** STORED DATA follows **

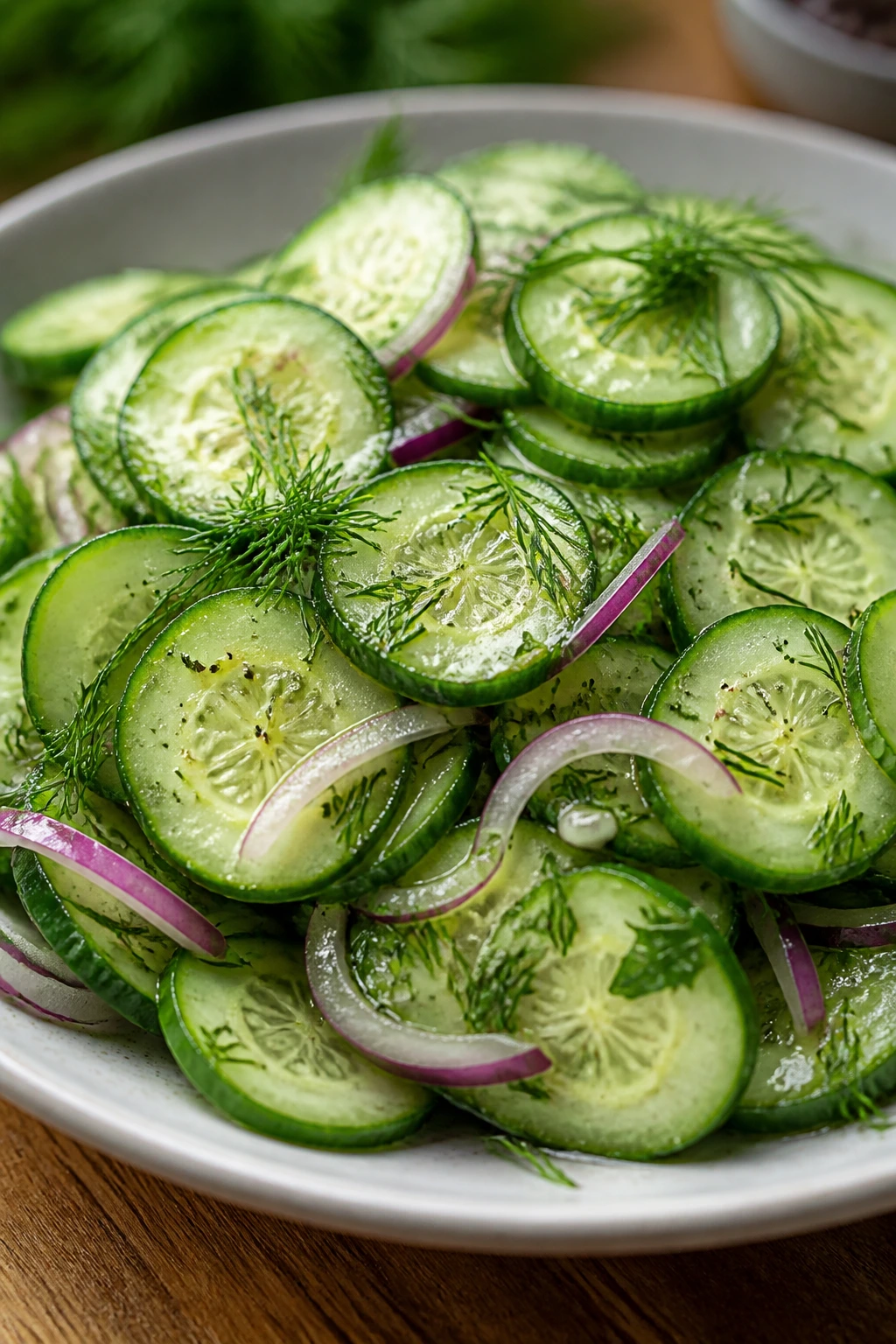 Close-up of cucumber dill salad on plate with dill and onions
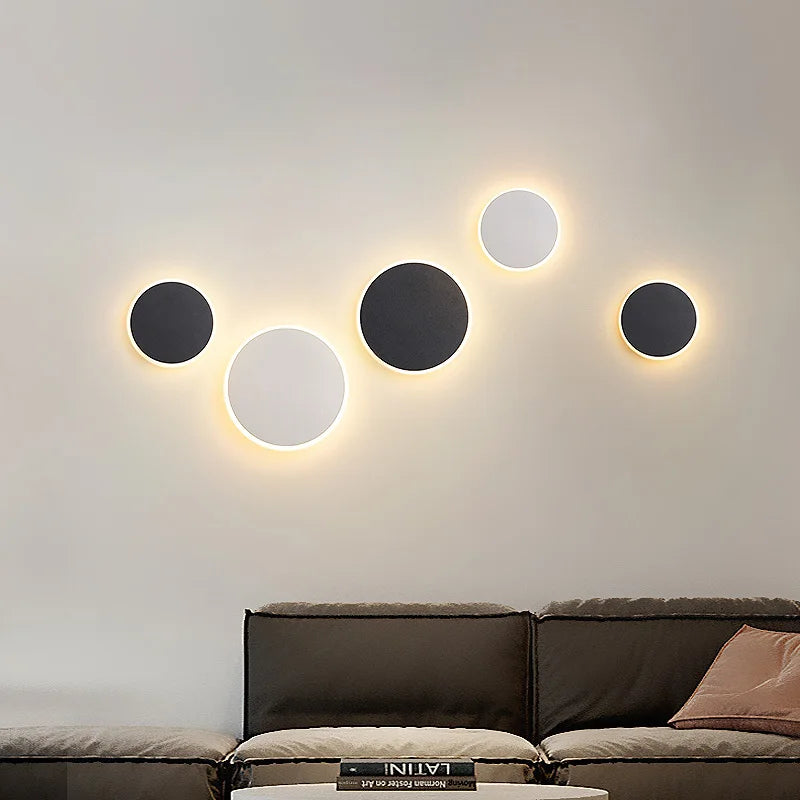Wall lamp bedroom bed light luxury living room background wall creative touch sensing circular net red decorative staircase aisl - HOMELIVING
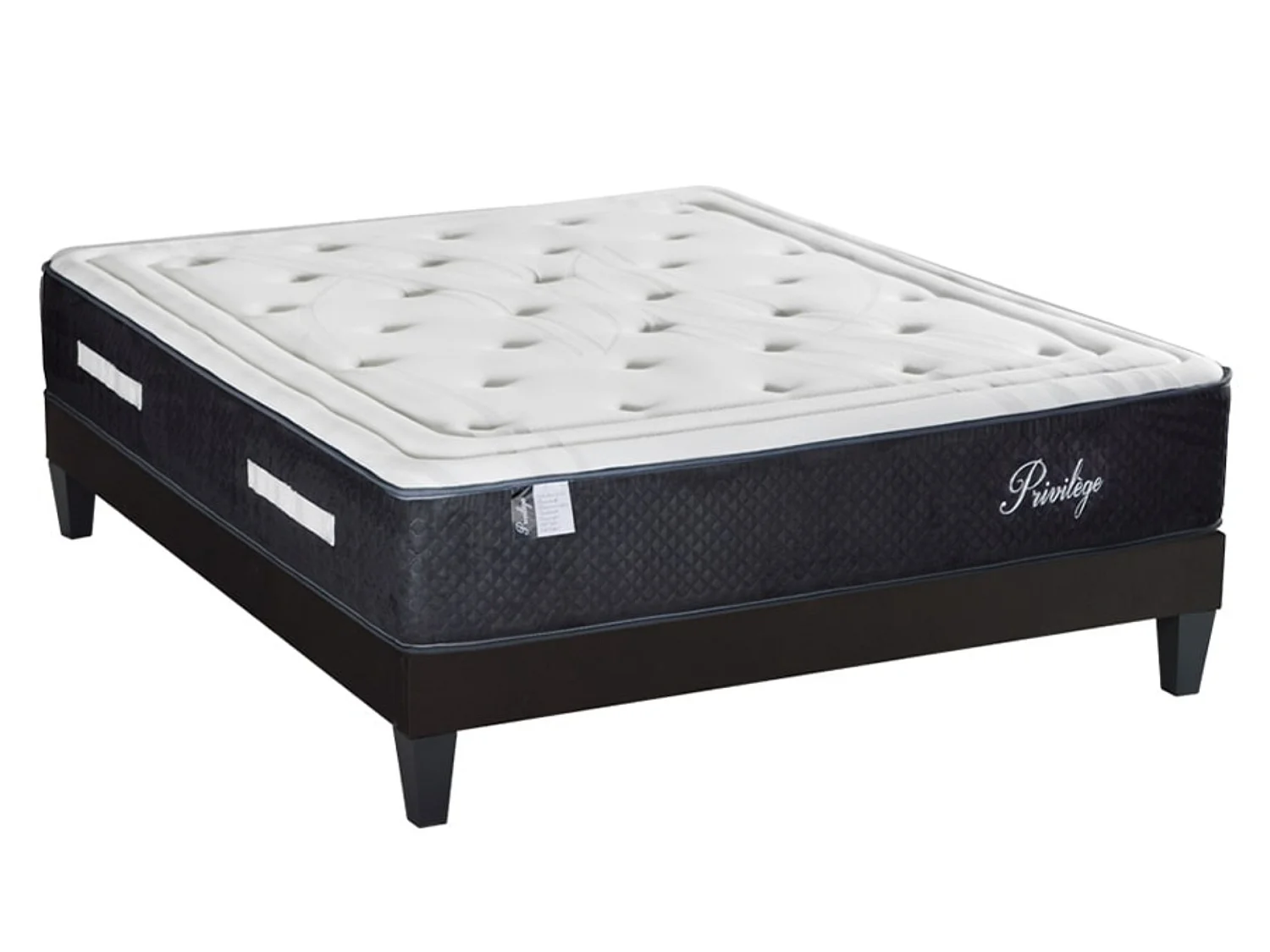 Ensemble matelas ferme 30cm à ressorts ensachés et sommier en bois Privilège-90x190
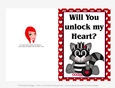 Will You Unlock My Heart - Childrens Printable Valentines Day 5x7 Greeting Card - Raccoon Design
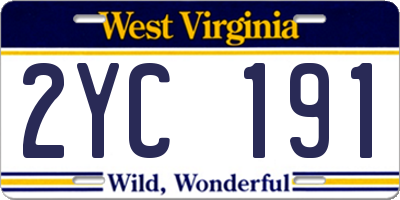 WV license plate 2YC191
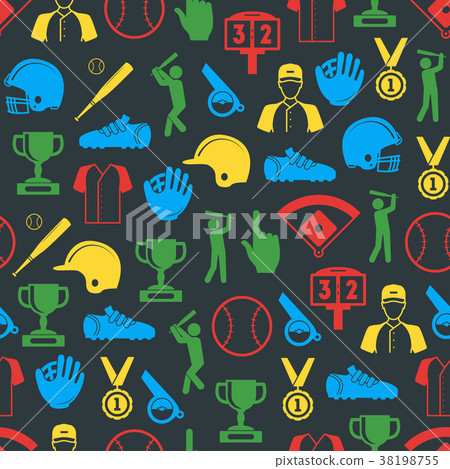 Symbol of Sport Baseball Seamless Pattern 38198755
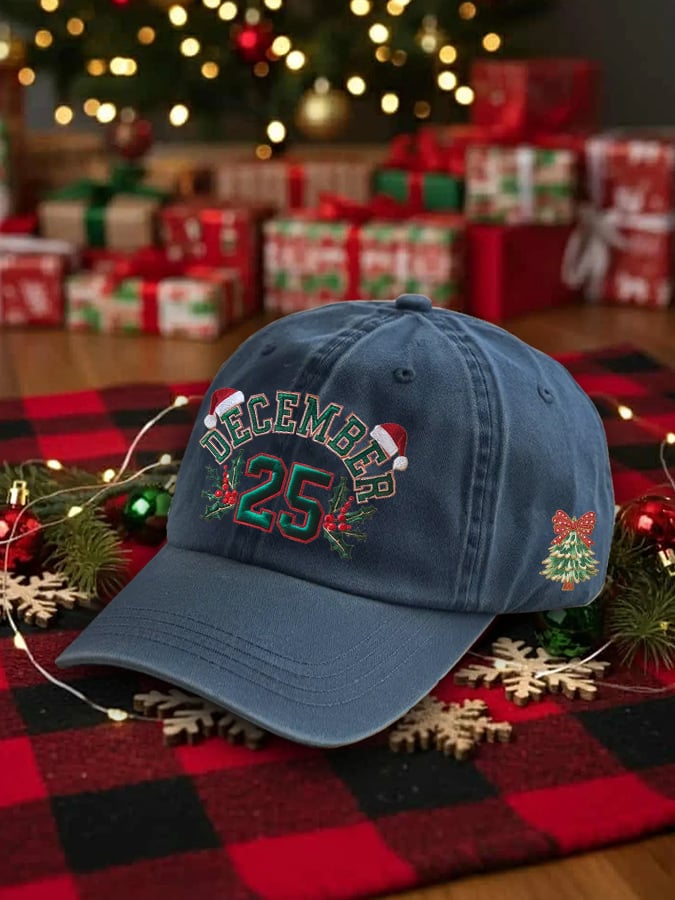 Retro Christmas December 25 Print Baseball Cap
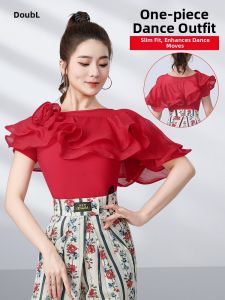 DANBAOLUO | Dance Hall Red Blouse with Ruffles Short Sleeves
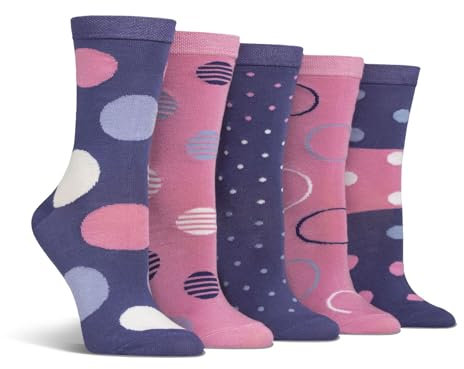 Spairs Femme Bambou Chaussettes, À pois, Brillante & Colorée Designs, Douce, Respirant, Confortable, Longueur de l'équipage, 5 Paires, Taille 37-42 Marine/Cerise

** End of STORED DATA **

• WORK ORDER
Without the pictures, return the entries exactly as they appear.

• YOUR SOLUTION
 Close-up of cucumber dill salad on plate with dill and onions
Wall lamp bedroom bed light luxury living room background wall creative touch sensing circular net red decorative staircase aisl - HOMELIVING
 Ensemble matelas ferme 30cm à ressorts ensachés et sommier en bois Privilège-90x190
 Will You Unlock My Heart - Childrens Printable Valentines Day 5x7 Greeting Card - Raccoon Design
 WV license plate 2YC191
 Symbol of Sport Baseball Seamless Pattern 38198755
 Retro Christmas December 25 Print Baseball Cap
 DANBAOLUO | Dance Hall Red Blouse with Ruffles Short Sleeves
 Spairs Femme Bambou Chaussettes, À pois, Brillante & Colorée Designs, Douce, Respirant, Confortable, Longueur de l'équipage, 5 Paires, Taille 37-42 Marine/Cerise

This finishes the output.